Working in an international company has its food perks! A colleague suggested that we start an asian “themed” lunch every friday. Taking turns to prepare dishes from our country. This is an awesome idea because that was how I started cooking korean and japanese food at home! Anyways this time I decided to put in more effort in making something more “Singaporean”. Fried Bee Hoon!
Since team Singapore cheated the first two times and yes till now I still feel kinda terrible for making chicken rice from the premixed mixture, ready made frikadellen (German style meatball), don’t ask me how that is singaporean, and only one authentic preserved turnip egg (cai bo). The second time I got my sister to bring a bottle of Kaya and served it with my failed attempt at making soft boil eggs. -_-
So this time I did my research and decided to educate my fellow colleagues what we kinda do eat for a fact in Singapore. None of that Singaporean Noodle rubbish you see everywhere else in the world but in Singapore. Oh it was surprising quick and easy to make! It was my first time making it so I thought it would take a long time. But the only time consuming part is chopping the carrots. Yes I am that specific. Just the carrots!
For 9 people as main dish or 12 people with side dishes. ( though in Singapore this is eaten as a substitute for rice, if that makes sense..)
1 tsp soy sauce
2-3 drops fish sauce
1-2 drops sesame oil
Oil to fry eggs
1 packet rice vermicelli 400g (soak till soft, about 5-10min in water or according to instructions given on the packet)
1/4 cup dried shrimps, soaked and minced
7 Shitake mushrooms, cut stripped
1 Carrot, shredded
200g Bean Sprouts
1/4 whole cabbage shredded
5 cloves of Garlic, minced
900ml chicken stock
1 1/2 tbsp dark soy sauce
Oil for frying
1-2 spring onion, chopped
1 red chili
Heat wok to medium heat and add oil to wok. Beat eggs with the sauces and pepper.

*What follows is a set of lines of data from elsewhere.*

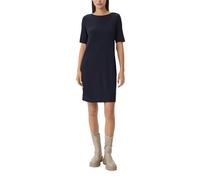 comma Casual Identity Kleid in unifarbenem Design mit 1/2-Arm in Marineblau, Größe 36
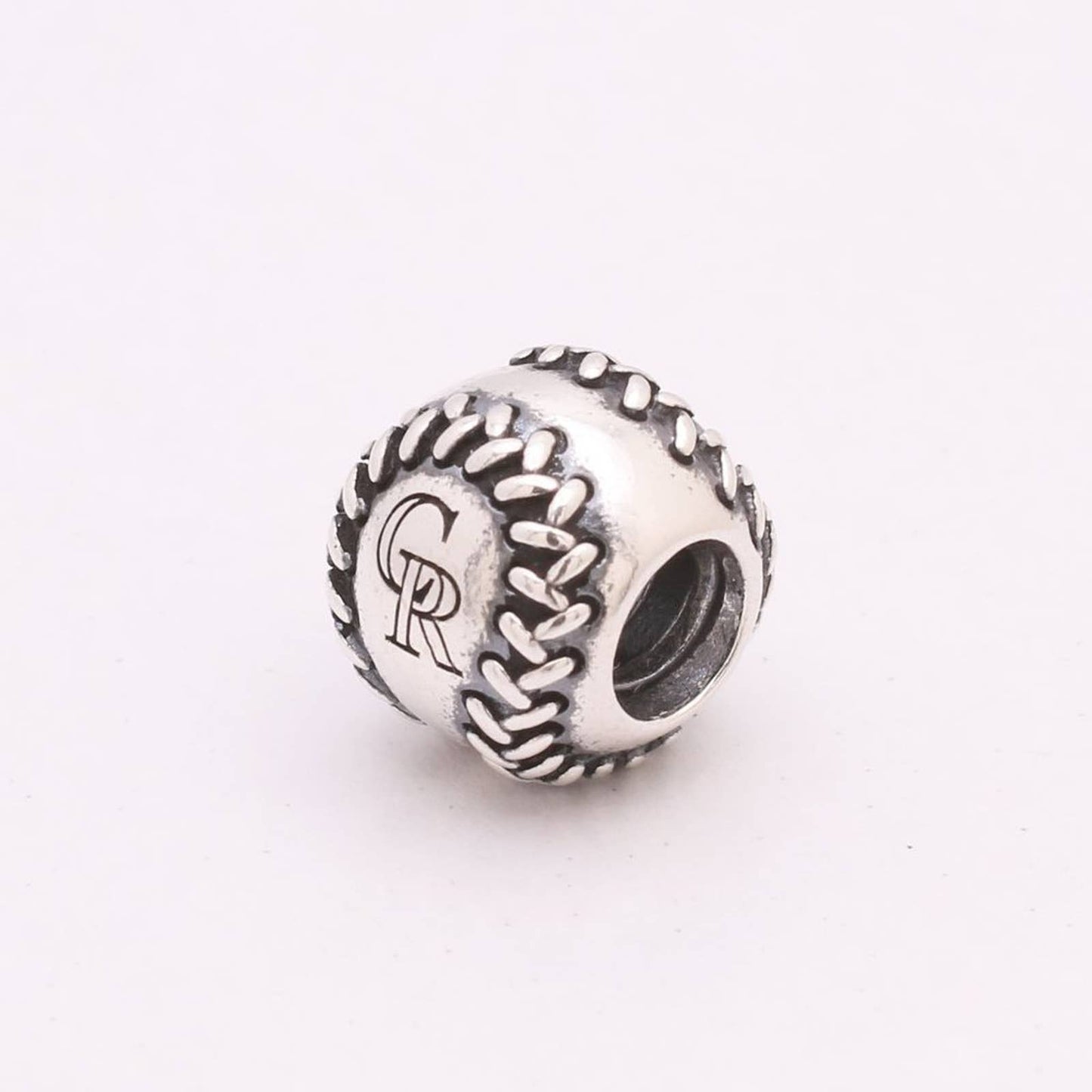 Authentic PANDORA Colorado Rockies Engraved Baseball Charm - USB790969-G009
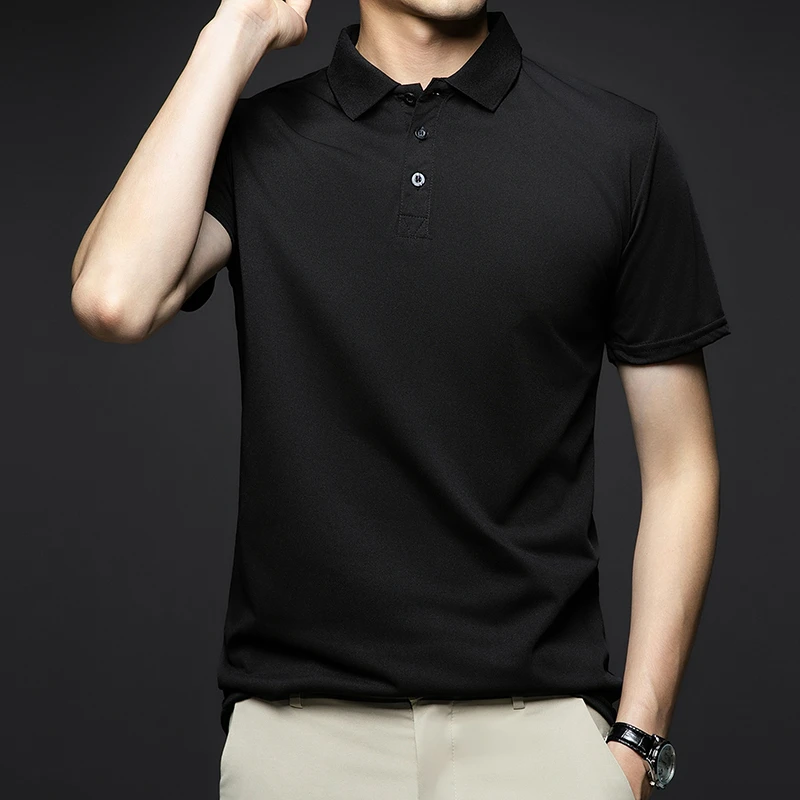 Men's Fashion Solid Short Sleeved Polo - Uniqwear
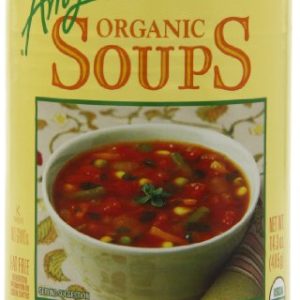 Amy's Organic Chunky Vegetable Soup, Low Fat, 14.3-Ounce (Pack of 12)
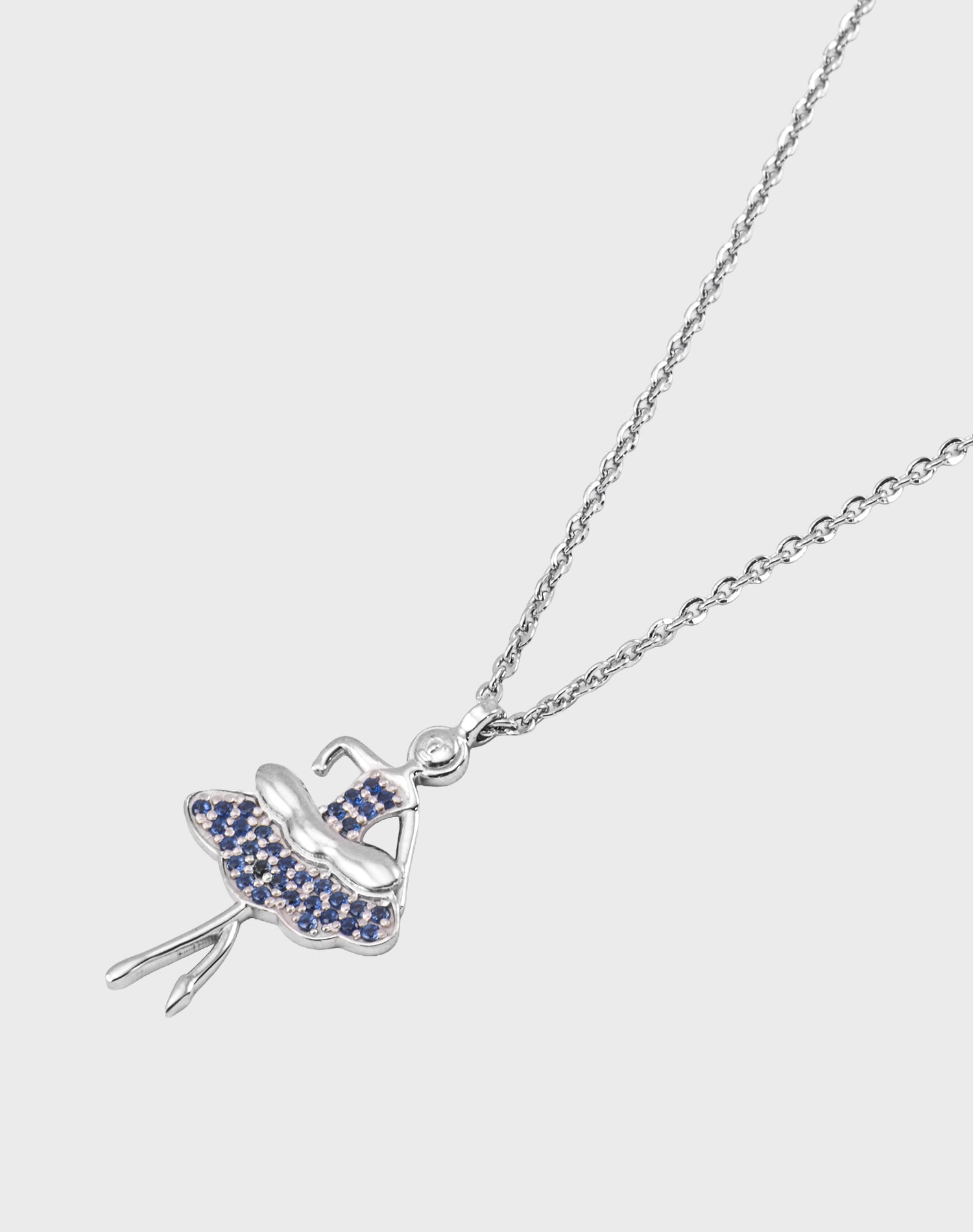 Silver Showgirl Pendant Chain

Divide egg mixture into 3 portions, add each portion to wok and cook eggs each mixture at a time. The eggs should look like crepes. Thin and slighly brown. Set aside and let it cool.
Add about 5 tbsp oil to wok followed by garlic and minced shrimp. Fry for 1-2 min till fragrant.
Add carrot, cabbage, mushrooms and bean sprouts to wok and stir fry. Add half of the chicken stock let it steep for about 3 mins till carrot is soft.
Add softened rice vermicelli followed by the rest of the stock and dark soy sauce.
Stir and mix well. Cook and Cover and let it cook. stirring occasionally to mix. About 5-8 mins in total. Add more chicken stock if it is too dry.
Turn off the heat once it’s ready.
Chop the eggs into strips and garnish the noodles with it and spring onions.
Tip: The bee hoon becomes vegetarian if you leave out the dried shrimps and substitute it with vegetables stock!